-- Records --
⟨

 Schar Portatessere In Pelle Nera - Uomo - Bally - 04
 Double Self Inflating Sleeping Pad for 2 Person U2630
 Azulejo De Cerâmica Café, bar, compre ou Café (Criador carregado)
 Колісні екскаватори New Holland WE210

⟩
⟨

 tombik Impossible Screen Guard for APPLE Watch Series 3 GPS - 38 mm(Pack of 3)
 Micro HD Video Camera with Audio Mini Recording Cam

⟩
⟨

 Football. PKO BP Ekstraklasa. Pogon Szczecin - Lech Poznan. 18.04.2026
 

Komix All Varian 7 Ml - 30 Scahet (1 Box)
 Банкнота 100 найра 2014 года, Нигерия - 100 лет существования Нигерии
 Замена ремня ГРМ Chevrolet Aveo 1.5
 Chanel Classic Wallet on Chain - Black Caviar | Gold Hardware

⟩

Give only the lines from the one holding "Замена ремня ГРМ Chevrolet Aveo 1.5" through the one holding "Chanel Classic Wallet", each restated exactly as it appears above.

-- Answer for this exercise --
 Замена ремня ГРМ Chevrolet Aveo 1.5
 Chanel Classic Wallet on Chain - Black Caviar | Gold Hardware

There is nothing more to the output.